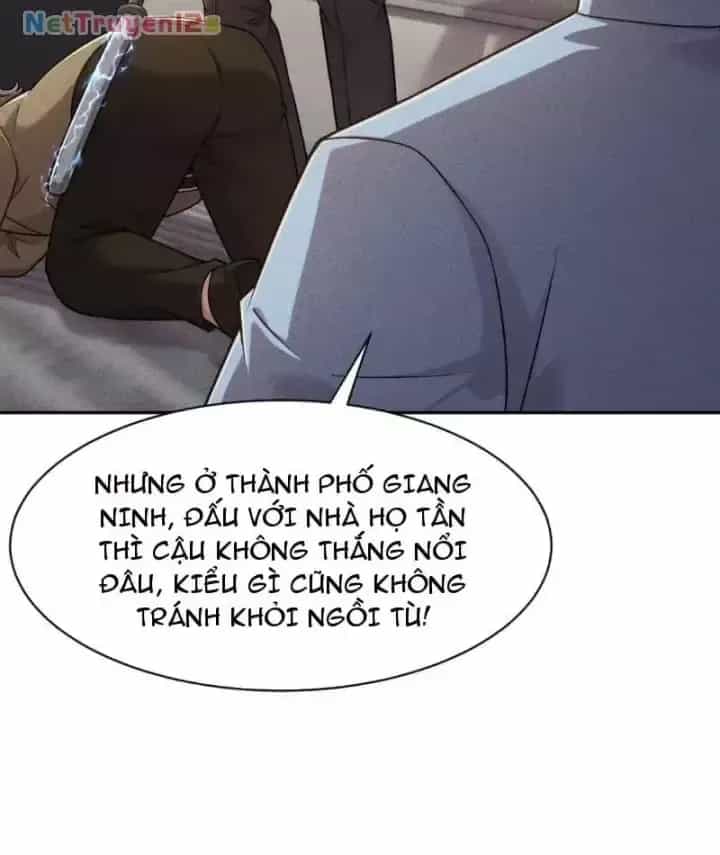 Ẩn Long Đô Thị - Chương 84 - ảnh 9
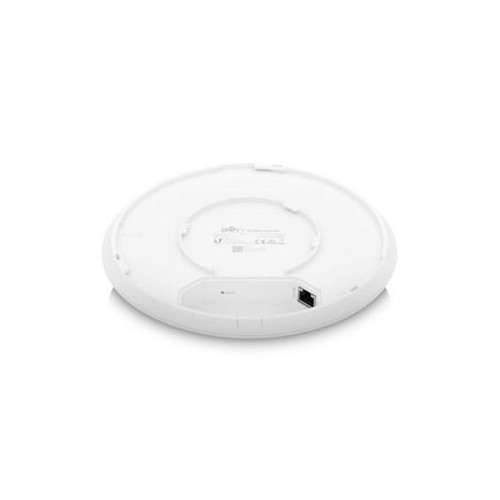 Punkt dostępowy Access Point WiFi 6 PRO U6-PRO -7832714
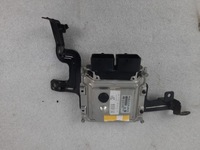 фото thumb №6, Hyundai i30 ii 1.4 бортовой компьютер блок управления 39199-03nb0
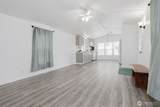 2115 Rocky Point Road - Photo 6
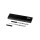Pack 2 Recargas Ballpoint (B) MONTBLANC Mystery Black | Ref. 238.116191
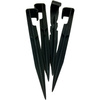 Suport de fixare Dripline 16mm 100pcs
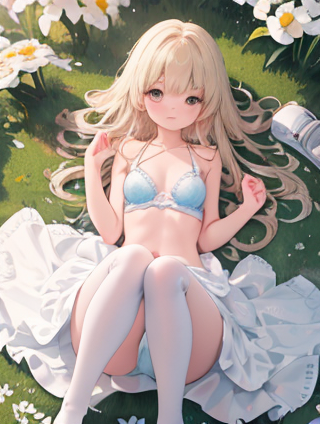 初中女生使用卫生巾指南与选择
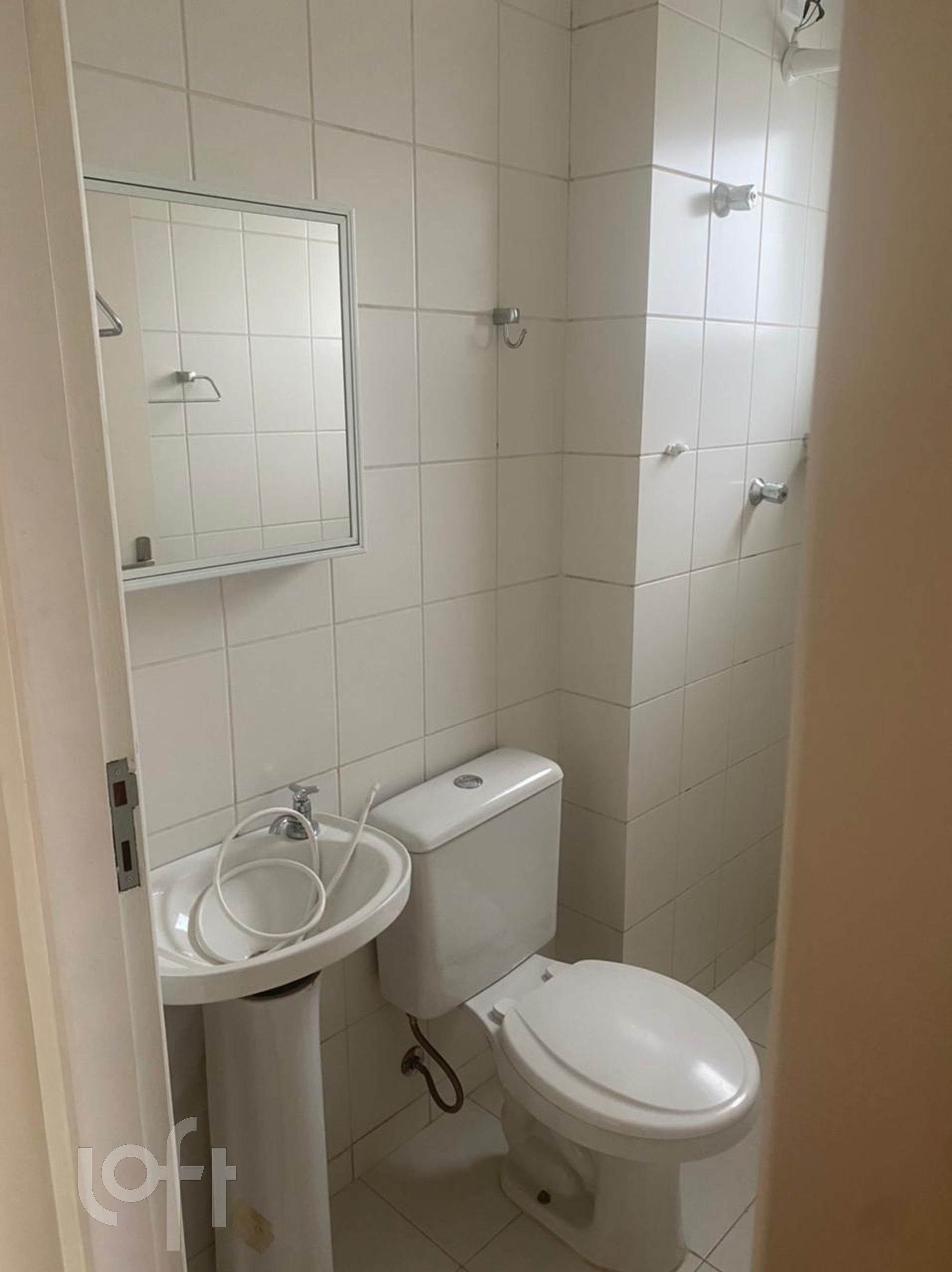 Apartamento, 2 quartos, 43 m² - Foto 22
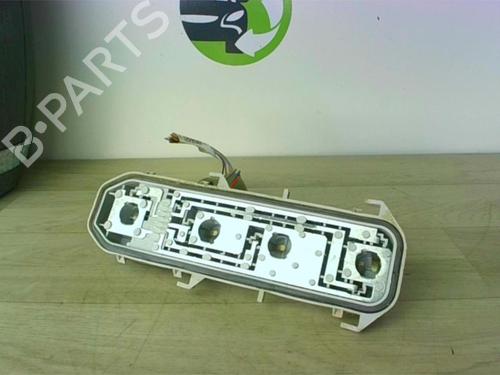 Licence plate light RENAULT CLIO II (BB_, CB_) 1.2 16V (BB05, BB0W, BB11, BB27, BB2T, BB2U, BB2V, CB05,... | BP21183283I40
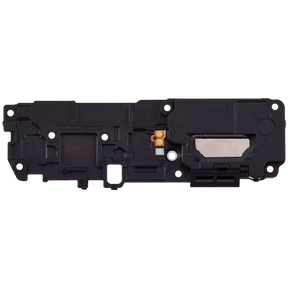 Loud Speaker Compatible For Samsung Galaxy S24 FE 5G  Replacement (Premium)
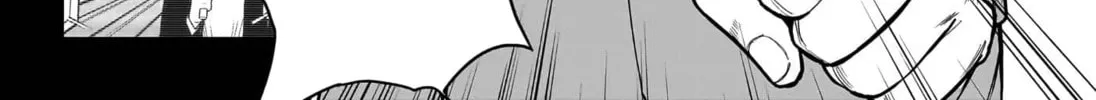 Read Swimest chapter 0 image 42 on Lezhin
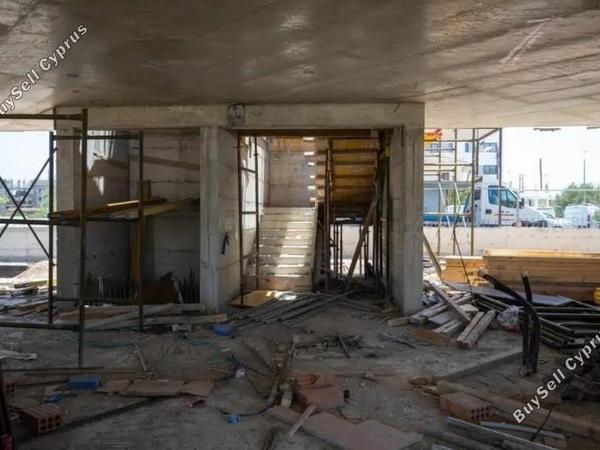 2 bedroom penthouse for sale livadia larnacas larnaca 7733062 image 10143764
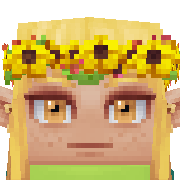 Lizz Hytale Avatar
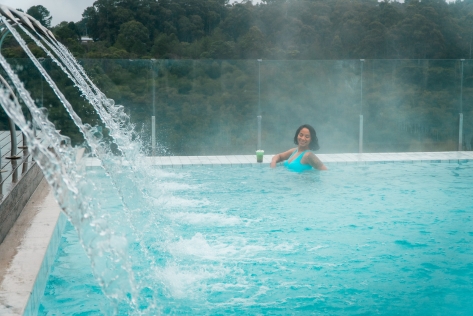 Acquamotion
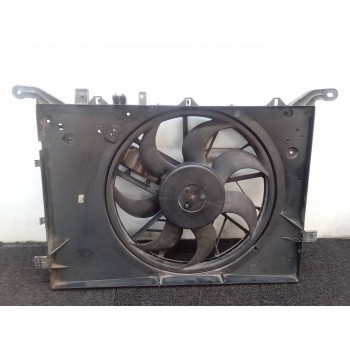 ELECTROVENTILADOR 11373280812 030303909 BOSCH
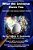 What The Universe Owes You: And What You Should Expect From It-.. - Imagem 1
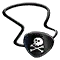 bahalayermay2022eyepatch.png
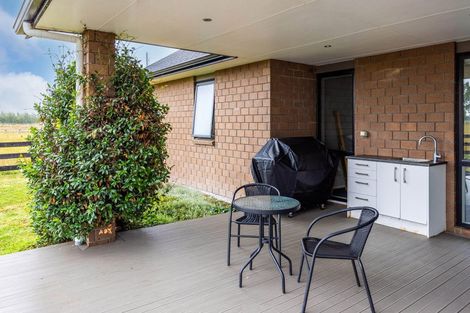Photo of property in 184b Holland Road, Puketaha, Hamilton, 3286
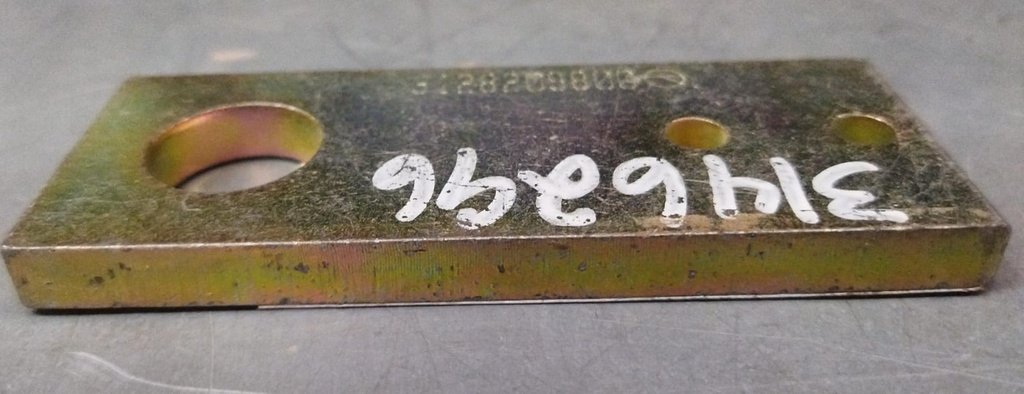 CLAVIJA  #3128-2098-00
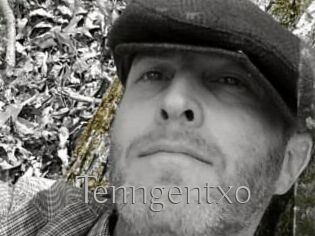 Tenngentxo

■ WHAT YOU WILL DO ■
Pictures stay out. Print the lines of the records above exactly, from the first through the one with "bahalayermay2022eyepatch.png".

■ RESPONSE TO THE EXERCISE ■
 Ẩn Long Đô Thị - Chương 84 - ảnh 9
 Punkt dostępowy Access Point WiFi 6 PRO U6-PRO -7832714
 фото thumb №6, Hyundai i30 ii 1.4 бортовой компьютер блок управления 39199-03nb0
 2115 Rocky Point Road - Photo 6
Pack 2 Recargas Ballpoint (B) MONTBLANC Mystery Black | Ref. 238.116191
 Suport de fixare Dripline 16mm 100pcs
 初中女生使用卫生巾指南与选择
 Apartamento, 2 quartos, 43 m² - Foto 22
 Licence plate light RENAULT CLIO II (BB_, CB_) 1.2 16V (BB05, BB0W, BB11, BB27, BB2T, BB2U, BB2V, CB05,... | BP21183283I40
 Loud Speaker Compatible For Samsung Galaxy S24 FE 5G  Replacement (Premium)
 Read Swimest chapter 0 image 42 on Lezhin
 2 bedroom penthouse for sale livadia larnacas larnaca 7733062 image 10143764
 Lizz Hytale Avatar
 Acquamotion
 ELECTROVENTILADOR 11373280812 030303909 BOSCH
 What The Universe Owes You: And What You Should Expect From It-.. - Imagem 1
 bahalayermay2022eyepatch.png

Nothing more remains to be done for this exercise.